Copy, word for word, the line containing "this 1456×819 image." and each line that follows it in the entries below; pictures do not belong in the copy.

Annotated photo localization data:
<<<<
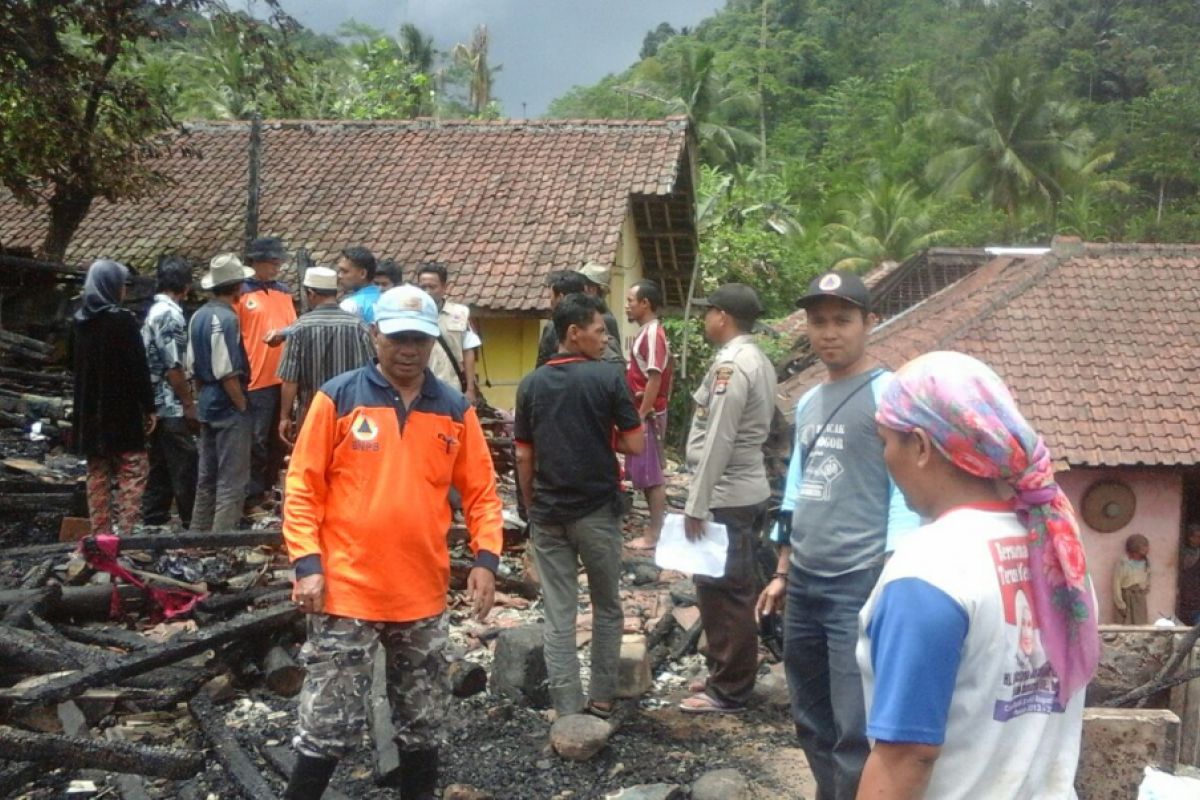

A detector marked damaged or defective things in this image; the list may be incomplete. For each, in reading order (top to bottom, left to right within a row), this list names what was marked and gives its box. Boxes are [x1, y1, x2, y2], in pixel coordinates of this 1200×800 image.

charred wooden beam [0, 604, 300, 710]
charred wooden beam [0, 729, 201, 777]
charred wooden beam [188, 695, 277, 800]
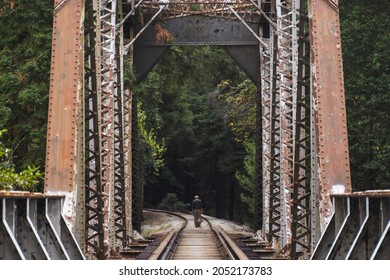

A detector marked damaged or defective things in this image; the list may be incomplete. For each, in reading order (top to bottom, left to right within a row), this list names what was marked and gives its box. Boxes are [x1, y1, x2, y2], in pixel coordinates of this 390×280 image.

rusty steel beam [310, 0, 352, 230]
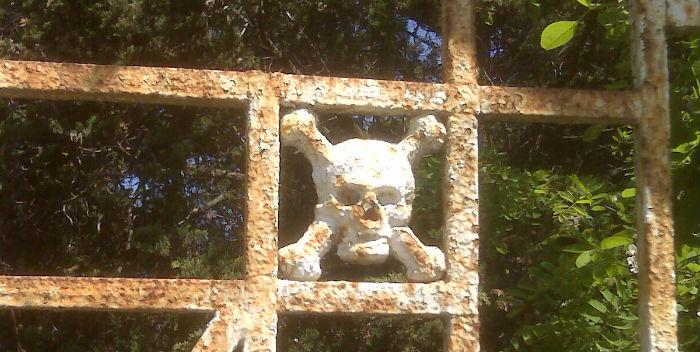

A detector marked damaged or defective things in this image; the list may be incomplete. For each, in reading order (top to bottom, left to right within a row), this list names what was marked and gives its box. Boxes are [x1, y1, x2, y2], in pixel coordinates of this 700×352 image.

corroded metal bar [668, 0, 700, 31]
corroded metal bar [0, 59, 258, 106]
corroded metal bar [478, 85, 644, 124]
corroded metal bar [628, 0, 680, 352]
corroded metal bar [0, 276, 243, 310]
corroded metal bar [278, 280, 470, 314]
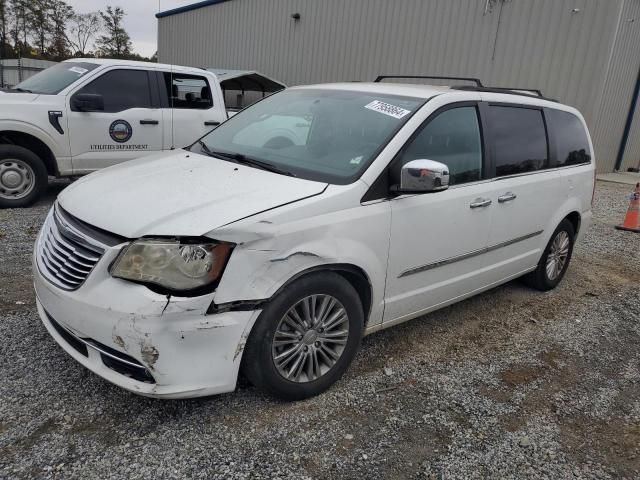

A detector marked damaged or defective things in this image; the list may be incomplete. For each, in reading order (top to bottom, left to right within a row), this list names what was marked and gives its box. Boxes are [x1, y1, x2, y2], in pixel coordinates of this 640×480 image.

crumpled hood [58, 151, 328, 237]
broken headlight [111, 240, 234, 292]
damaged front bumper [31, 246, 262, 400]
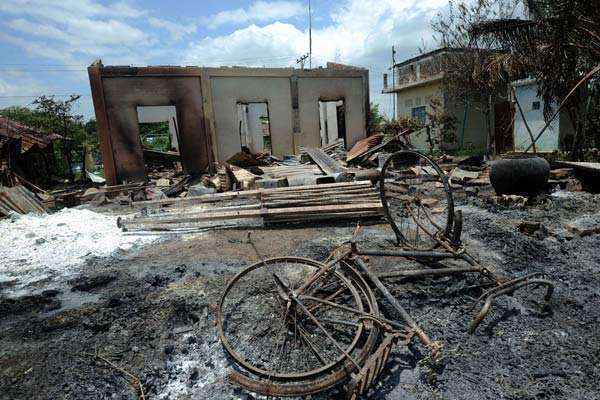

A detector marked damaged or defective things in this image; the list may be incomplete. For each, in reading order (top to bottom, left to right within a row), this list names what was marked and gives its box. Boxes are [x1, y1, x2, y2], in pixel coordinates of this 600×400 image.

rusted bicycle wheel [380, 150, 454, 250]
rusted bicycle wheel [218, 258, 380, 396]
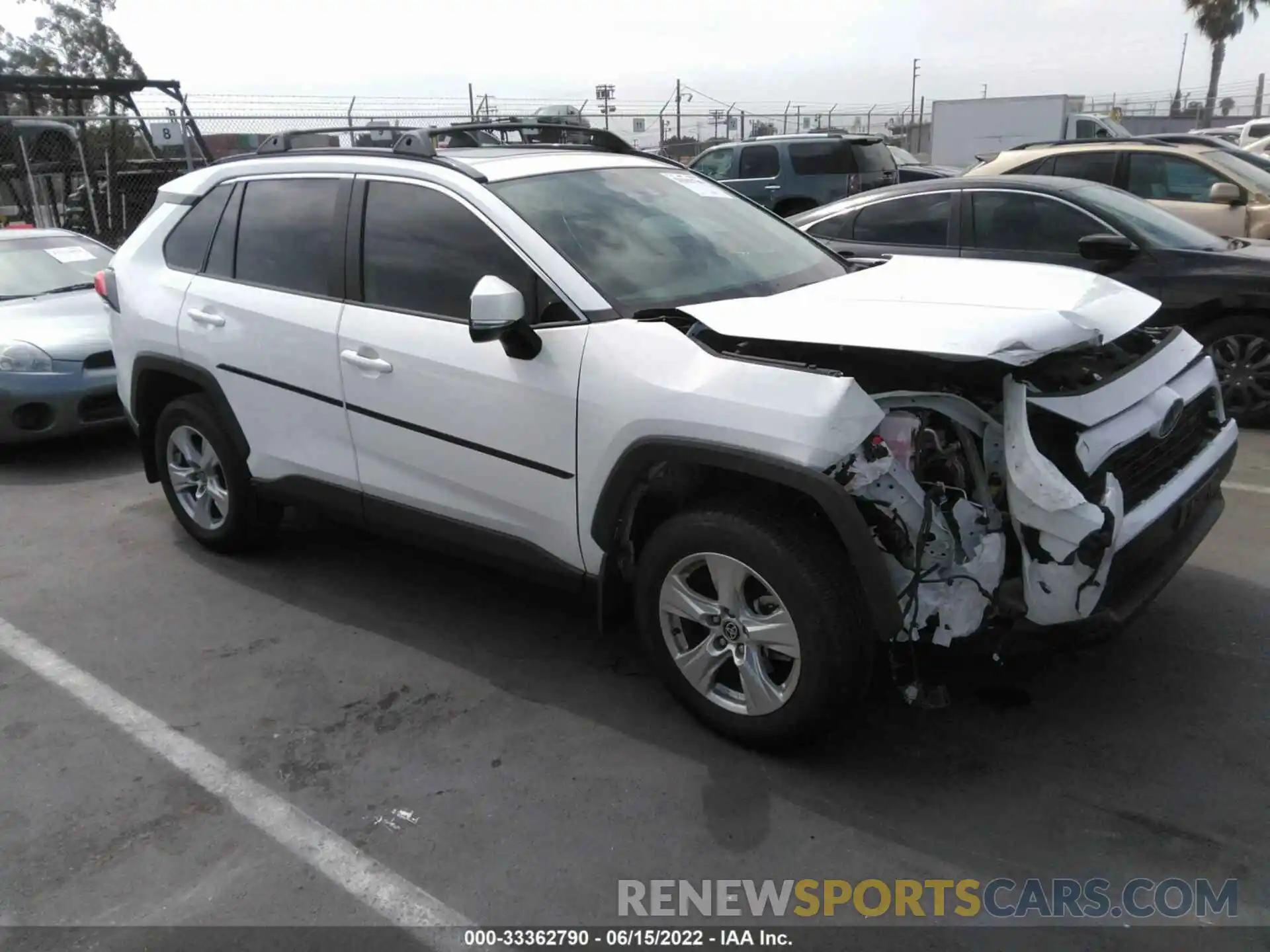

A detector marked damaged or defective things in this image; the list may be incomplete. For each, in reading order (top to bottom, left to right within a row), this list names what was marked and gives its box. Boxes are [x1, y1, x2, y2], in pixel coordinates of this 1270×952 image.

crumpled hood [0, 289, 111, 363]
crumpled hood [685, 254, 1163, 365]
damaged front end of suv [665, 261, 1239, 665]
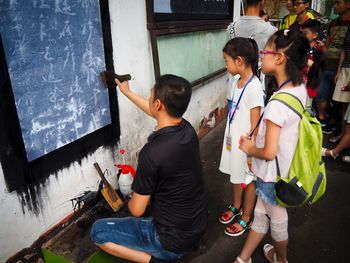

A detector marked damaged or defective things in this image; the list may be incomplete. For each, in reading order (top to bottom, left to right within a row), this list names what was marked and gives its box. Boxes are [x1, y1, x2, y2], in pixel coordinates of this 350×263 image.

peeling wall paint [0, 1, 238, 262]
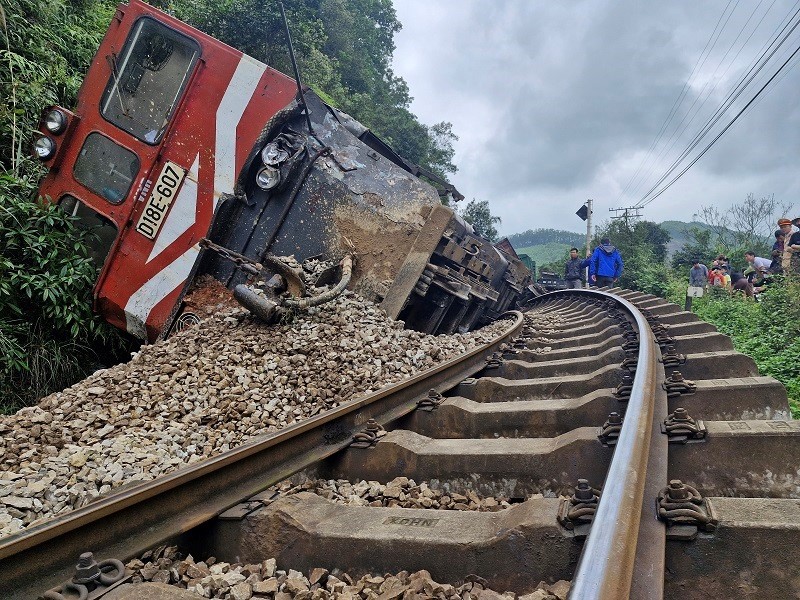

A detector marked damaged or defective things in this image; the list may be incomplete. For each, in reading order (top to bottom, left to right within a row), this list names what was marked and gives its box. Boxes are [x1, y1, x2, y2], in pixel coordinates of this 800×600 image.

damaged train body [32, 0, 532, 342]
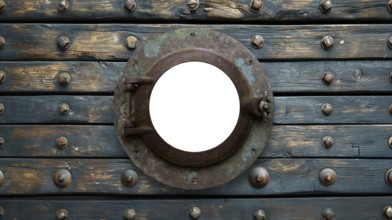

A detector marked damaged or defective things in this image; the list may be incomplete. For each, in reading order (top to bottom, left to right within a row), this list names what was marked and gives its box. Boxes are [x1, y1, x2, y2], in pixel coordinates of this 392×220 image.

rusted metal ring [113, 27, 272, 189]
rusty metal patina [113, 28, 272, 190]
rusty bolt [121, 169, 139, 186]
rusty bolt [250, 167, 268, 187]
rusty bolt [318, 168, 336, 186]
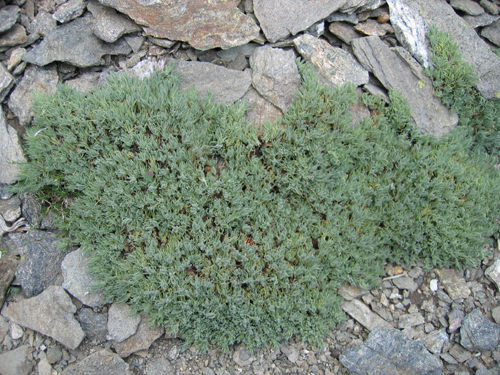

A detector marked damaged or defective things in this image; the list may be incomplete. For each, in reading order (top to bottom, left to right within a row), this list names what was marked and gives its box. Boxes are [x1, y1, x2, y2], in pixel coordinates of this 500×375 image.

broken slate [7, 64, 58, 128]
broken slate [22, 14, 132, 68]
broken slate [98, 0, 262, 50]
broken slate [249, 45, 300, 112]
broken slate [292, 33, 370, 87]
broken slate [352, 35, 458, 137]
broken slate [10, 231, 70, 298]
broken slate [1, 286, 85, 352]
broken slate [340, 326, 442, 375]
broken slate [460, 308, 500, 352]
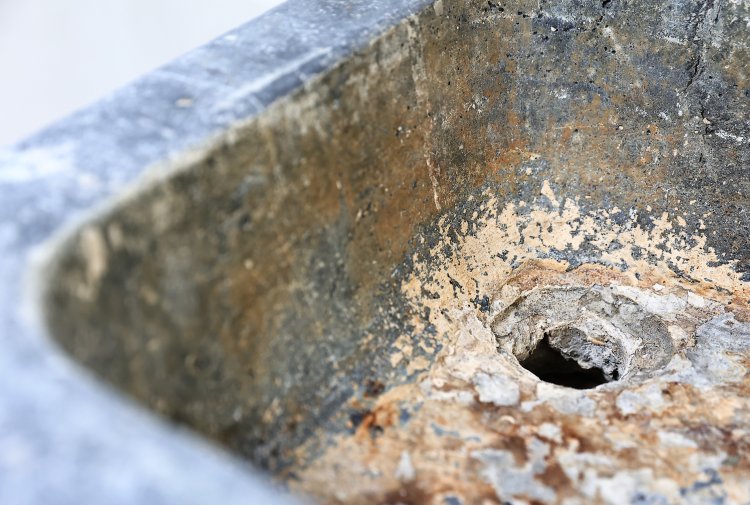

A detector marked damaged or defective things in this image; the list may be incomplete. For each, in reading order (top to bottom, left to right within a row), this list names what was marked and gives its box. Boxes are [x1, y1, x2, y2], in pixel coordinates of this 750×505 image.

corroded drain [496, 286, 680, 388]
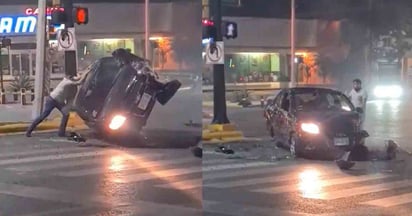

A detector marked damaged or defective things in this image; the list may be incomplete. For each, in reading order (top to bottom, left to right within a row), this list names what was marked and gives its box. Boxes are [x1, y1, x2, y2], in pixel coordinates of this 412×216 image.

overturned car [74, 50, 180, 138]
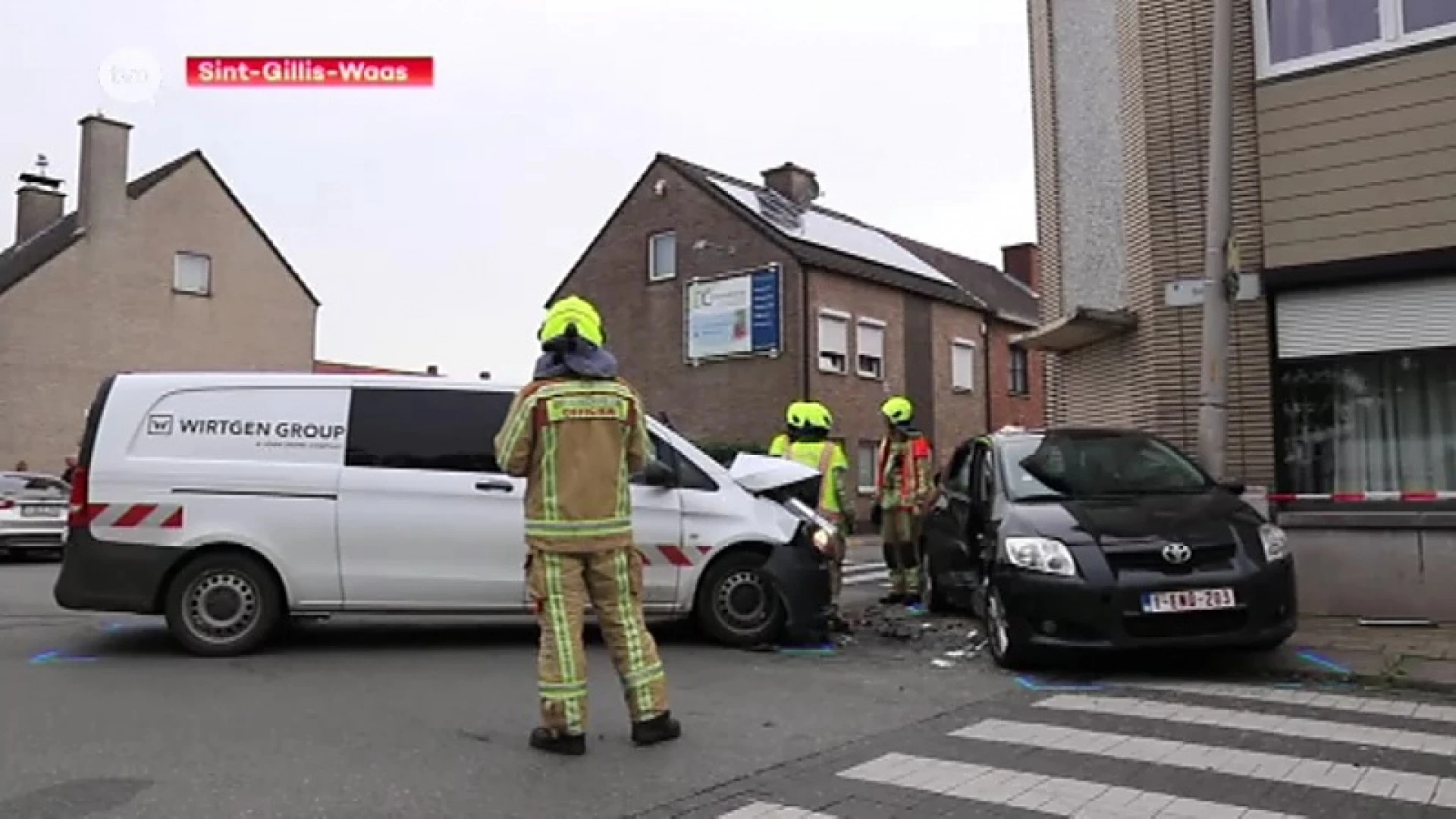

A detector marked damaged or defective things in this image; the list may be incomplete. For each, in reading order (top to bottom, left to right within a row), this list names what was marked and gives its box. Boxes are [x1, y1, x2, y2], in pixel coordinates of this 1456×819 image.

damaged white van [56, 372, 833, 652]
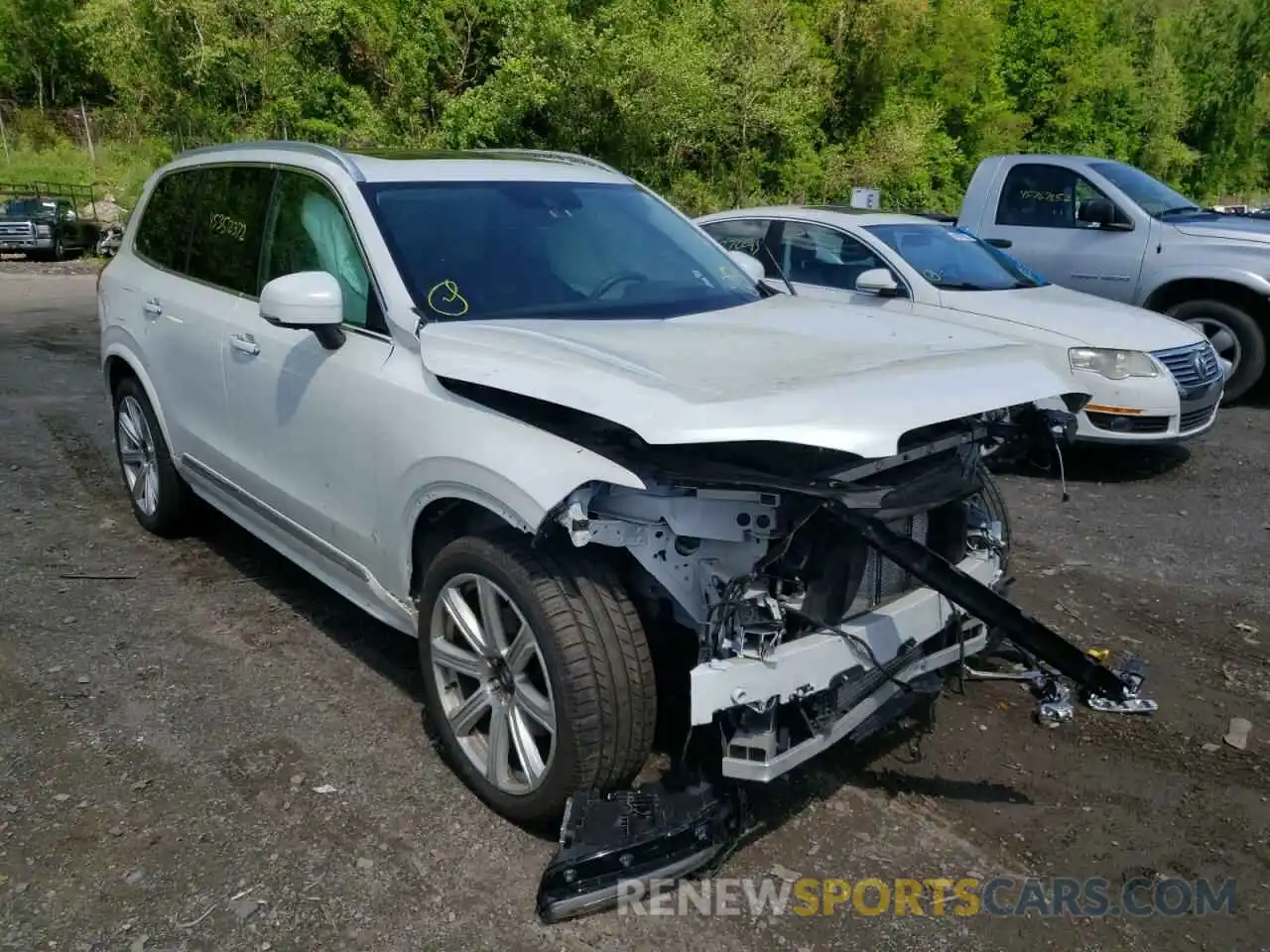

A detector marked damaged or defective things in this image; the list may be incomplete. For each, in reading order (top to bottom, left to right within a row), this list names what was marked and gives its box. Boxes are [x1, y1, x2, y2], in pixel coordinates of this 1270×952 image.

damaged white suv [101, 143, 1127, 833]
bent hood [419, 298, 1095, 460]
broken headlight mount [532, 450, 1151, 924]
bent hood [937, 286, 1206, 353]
>>>>
Task solution:
A detector marked damaged or defective things in this image; the list may be incomplete. For each, in reading order (top to bottom, left to right within a row), this list names what was marked and gives its box. Boxes are [x1, y1, x2, y2], in pixel coordinates of this 1456×819 image.

damaged white van [56, 372, 833, 652]

A detector marked damaged or defective things in this image; the list may be incomplete. For each, in reading order (top to bottom, left to right within a row), this list names what was marked and gives its box. Boxes are [x1, y1, x2, y2], in pixel coordinates of this 1270×952 image.

damaged white suv [101, 143, 1127, 833]
bent hood [419, 298, 1095, 460]
broken headlight mount [532, 450, 1151, 924]
bent hood [937, 286, 1206, 353]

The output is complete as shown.